# What type of strap is this called?



## jizzle (Jul 11, 2010)

I have been searching on and off for ages for a strap like this! Does this design/style have a specific name? I've only ever found these for Apple watches... (which is not what I'm looking for)

Im hoping to find one with a 20mm lug width to give a vintage look to a couple of watches.

Any help would be appreciated!


----------



## Alpha550t (Mar 31, 2020)

jizzle said:


> I have been searching on and off for ages for a strap like this! Does this design/style have a specific name? I've only ever found these for Apple watches... (which is not what I'm looking for)
> 
> Im hoping to find one with a 20mm lug width to give a vintage look to a couple of watches.
> 
> Any help would be appreciated!


 I hope you find out, I really like that myself. It's very distinctive.


----------



## louiswu (May 16, 2009)

Hi,

Closest i could find via a quick search was a Meyhoffer Slatina.

Flat ended though, and different clasp but might give you the same(ish) look for 30 euros










There's also the less catchily-named Eichmiller Em-MC150 for 50 euros, which is also flat-ended but has the same clasp design ..


----------



## louiswu (May 16, 2009)

The only curved-end versions i can find are 22mm and the design is called Bandoleer.

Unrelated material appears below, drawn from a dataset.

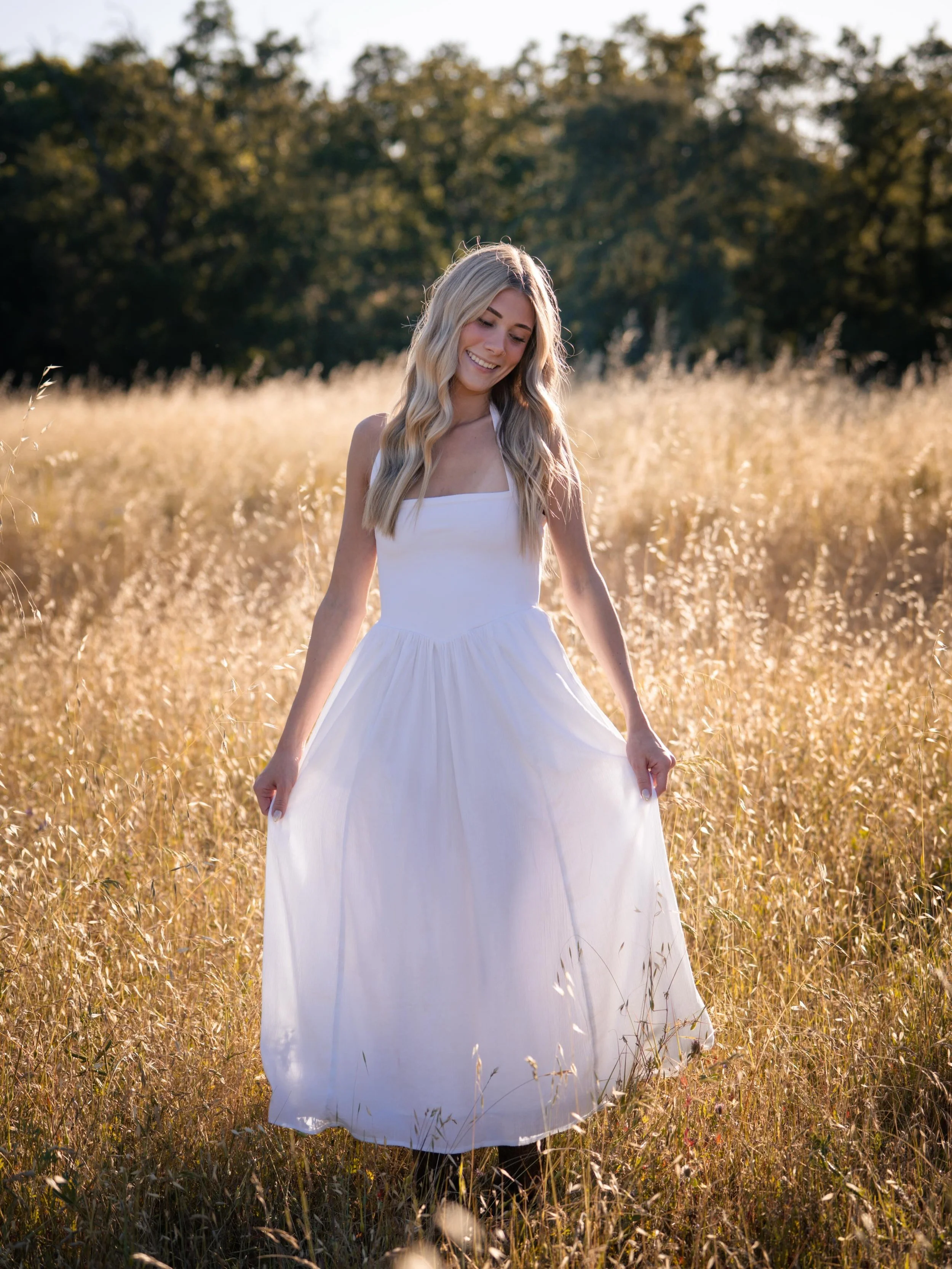 &ldquo;That was so much fun, it was like we were just hanging out&rdquo; 😊 Wonderful shoot with this young lady! Congrats class of #2026 #roseville #photographer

They go for a couple hundred :scared:


----------



## WRENCH (Jun 20, 2016)

@jizzle

https://www.etsy.com/uk/listing/699955553/high-quality-stainless-steel-watchbands?


----------



## jizzle (Jul 11, 2010)

You are a legend! Thank you so much!


----------



## MrBrown (Mar 15, 2020)

Or you can try at Watchgecko, my favorite sites for straps


----------